The 10-year-old Loomba Trust aims to educate such kids


Corporate houses must fulfil their social responsibilities: Vayalar Ravi

About 40 children on the Trust’s scholarships attended the event


— Photo: S. Subramanium

Cherie Blair, president, Loomba Trust, seen with the beneficiaries at a seminar in New Delhi on Sunday.

NEW DELHI: The great and the good of politics and business were out in force here on Sunday as Cherie Blair, wife of the former British Prime Minister, Tony Blair, urged corporations to support the Loomba Trust, an Anglo-Indian charity set up to educate the children of widows.

Ms. Blair and Minister of Overseas Indian Affairs Vayalar Ravi were speaking at an event organised to mark the 10th anniversary of the Trust’s foundation. “Corporate houses in India must come forward and fulfil their social responsibilities,” Mr. Ravi said.

Mr. Raj Loomba, the non-resident Indian businessman who set up the trust in memory of his mother, a widow, echoed the Minister’s call. Citing a British industrialist, who had donated Rs.6 lakh to the Trust, he asked: “If foreign corporations can do it [support charities], why not Indian ones?”

But while acknowledging that the 3,600 children educated by the Trust so far was “only a drop in the ocean” — there are three-crore widows in India and 10-crore worldwide — Ms. Blair, the Trust’s president, praised the work of Mr. Loomba.

The Trust raised more than Rs.40 lakh last year, she said, and used it to offer five-year scholarships to children in India, Sri Lanka, Bangladesh as well as Kenya.

About 40 children on the Trust’s scholarships attended the event. “The charity has made every bit of difference to these children, who now want to be doctors, lawyers and engineers,” said Ms. Blair, herself a senior barrister.

“Widows are seen as evil in India and have to depend on their children as bread-winners,” the mother of four added, before revealing she was drawn to the Trust, as, like Mr.
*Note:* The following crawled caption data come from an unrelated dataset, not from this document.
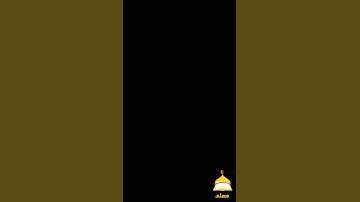 القارئ ناصر القطامي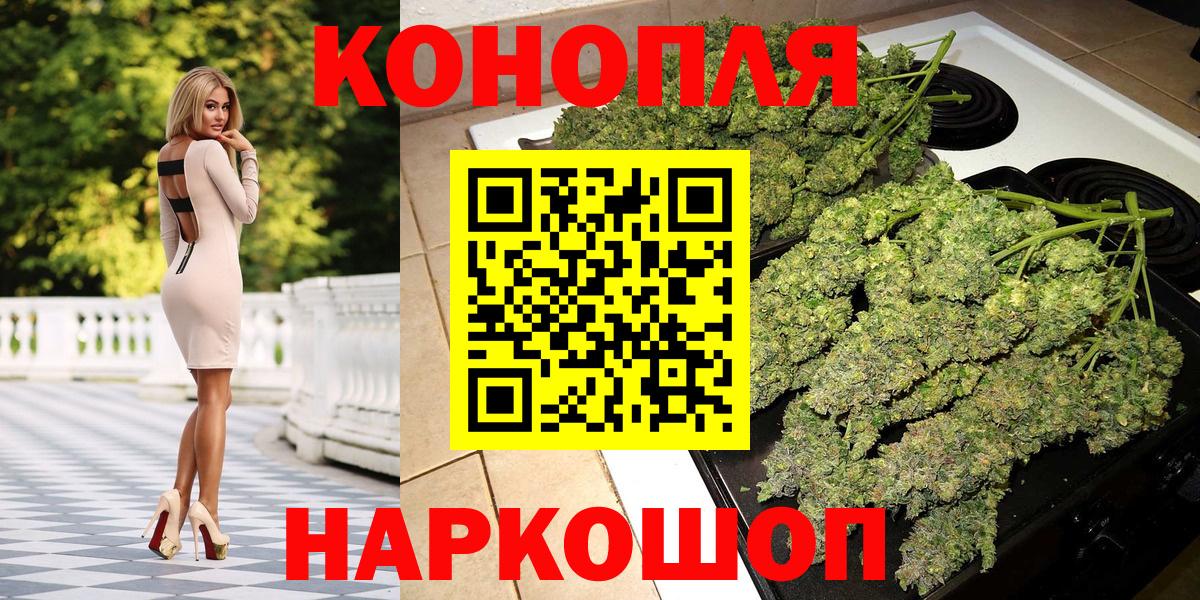 Конопля ГИДРОПОН Иркутск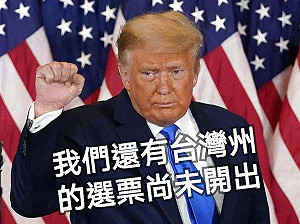 若台灣成美國「第51州」 黃創夏笑稱：多30張票挺川普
Loomba, she was raised by her mother alone.

The Trust was established in the U.K., with the aim of educating 100 children of widows in each Indian State. The target was met for the first time last year, but Mr. Loomba has now announced plans for the Trust’s expansion.

In a joint venture with Richard Branson, another celebrity Loomba trustee, it will fund the education of 1,500 South African children left fatherless by HIV/AIDS. The Trust will also set up a school in Mr. Loomba’s ancestral village in Punjab.